#### DATASET CONTENT

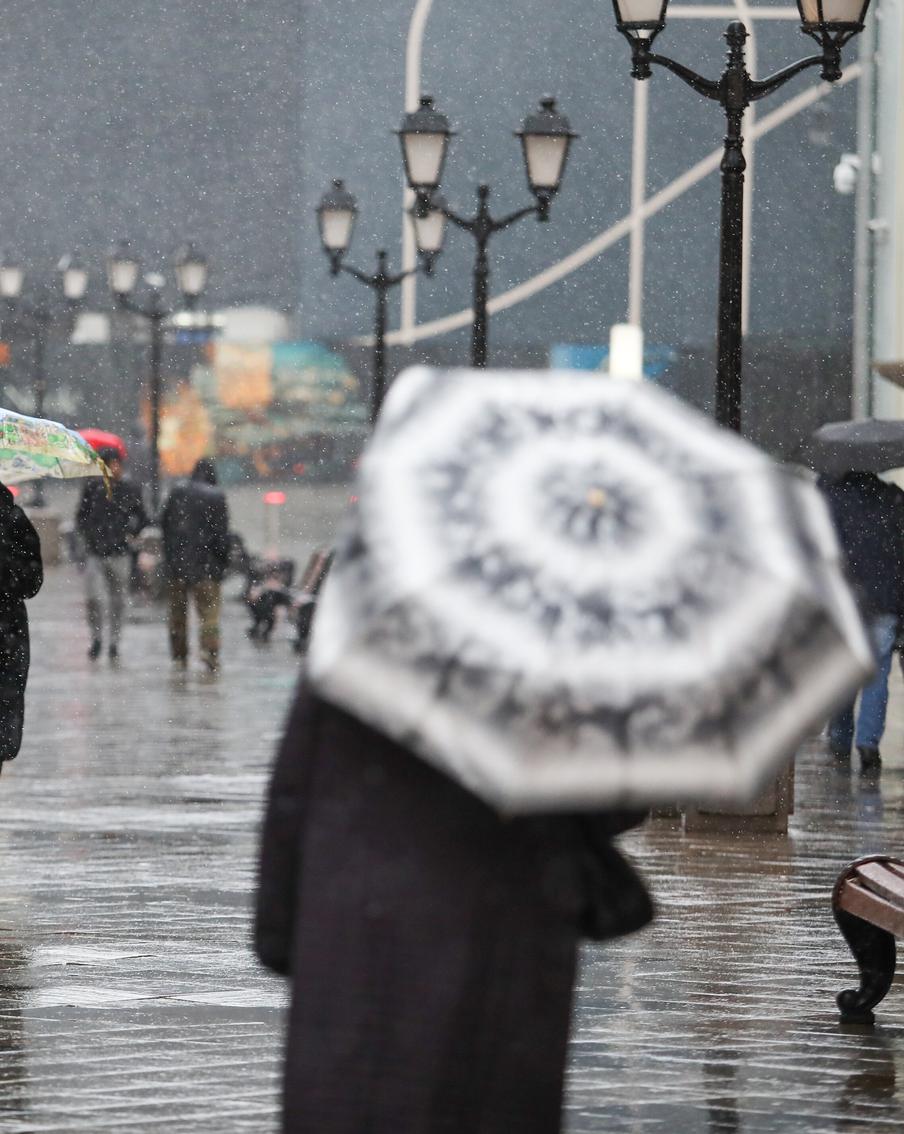 Мокрый снег и резкое похолодание ждут москвичей в предстоящие выходные
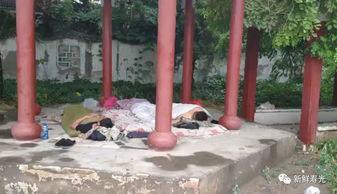 自制吃瓜凉亭视频,夏日清凉生活新体验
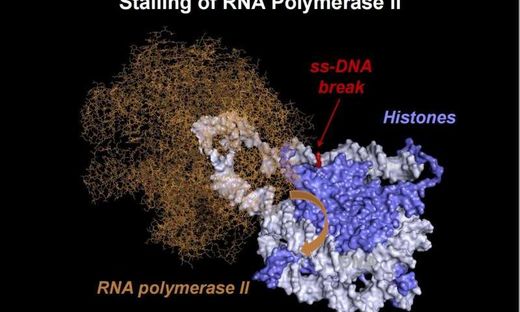 Click to enlarge nucleosomal DNA loops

########

_WHAT THE TASK REQUIRES_
Begin at the line containing "自制吃瓜凉亭视频,夏日清凉生活新体验" and copy every line through the end of the data above exactly, omitting the pictures.

_TASK OUTPUT_
 自制吃瓜凉亭视频,夏日清凉生活新体验
 Click to enlarge nucleosomal DNA loops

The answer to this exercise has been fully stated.